President Michael D. Higgins gave the keynote speech at the launch of Belonging to Limerick Integration Plan, 2018 -2022, by Limerick Integration Working Group and Limerick City and County Council. The launch took place in the iconic Thomond Park Stadium on Friday 28 September.
Eugene Quinn, National Director of Jesuit Refugee Service Ireland is chair of the Limerick Integration Working Group and author of the report and he says the plan aims to create a “vibrant, inclusive and truly intercultural society in Limerick in which all residents belong and are valued equally, regardless of their colour, creed or culture.” The plan focuses on education, information-sharing, awareness and access to public services as priority areas in effective cooperation between all Limerick residents, according to Eugene Quinn.
The tone of the launch was set from the beginning of the event with a performance from The Limerick Gospel Choir as they marched and clapped before those overlooking the pitch in Thomond Park. The crowd numbered over 250, made up of Limerick residents from all backgrounds, local service providers, and representatives of the 19 partner organizations that make up the Integration Working Group. The event included exhibits from local artists from migrant backgrounds, and performances by musicians from the Limerick Filipino and Polish communities.

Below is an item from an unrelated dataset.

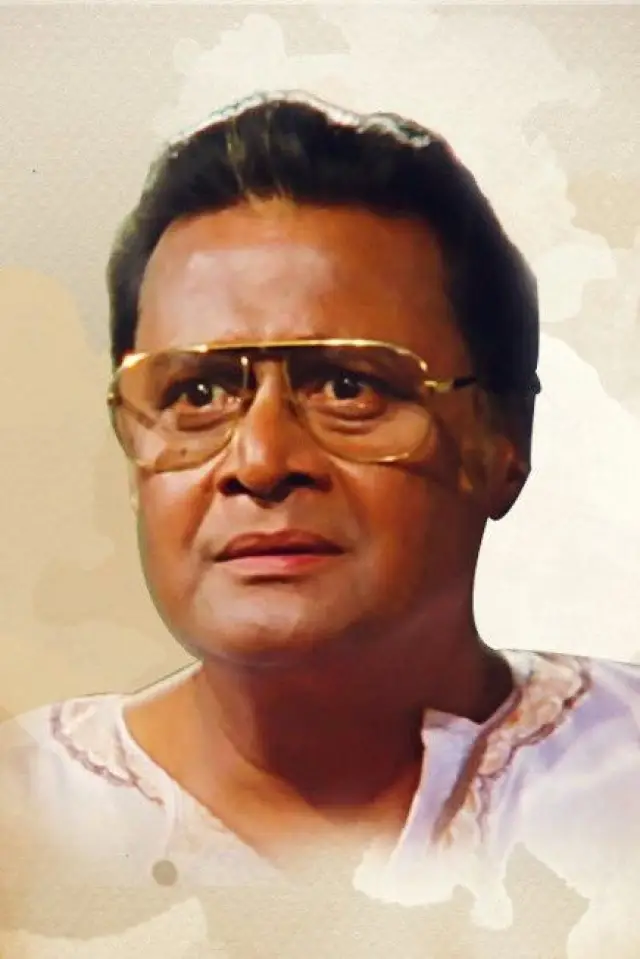 Zdjęcie  (Subhendu Chatterjee)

In his keynote address, President Higgins said: “We do best when we make the effort to understand and accept the complexity of identity. Moving on from simply ‘tolerating’ differences, we can embrace and celebrate what makes the newest ‘citizens of Limerick’ unique; understanding the importance of seeing culture as a process open to change in accordance with time, place and history, no one strand being asked to cede its identity to another.”
According to Eugene Quinn, at the heart of this 5-year integration plan are the concepts of ‘Belonging and Diversity Advantage’. “Belonging encapsulates a vision, a strategy and a future for Limerick and beyond. It is a desire and a hope shared by migrants to belong. Diversity advantage envisages migrants as resources for local economic, social and cultural development, not only vulnerable groups in need of supports and services. Migrants as the subject and not the object of change.”
The authors of the plan believe that migration and diversity offer a huge opportunity for Limerick. The plan emphasises the positive side of the balance sheet, they say, adding, “Migration is good for the economy, addressing skills shortages, adding flexibility, capacity and diversity to the labour force and helping to create a more attractive environment to locate culturally diverse international business and global investment.”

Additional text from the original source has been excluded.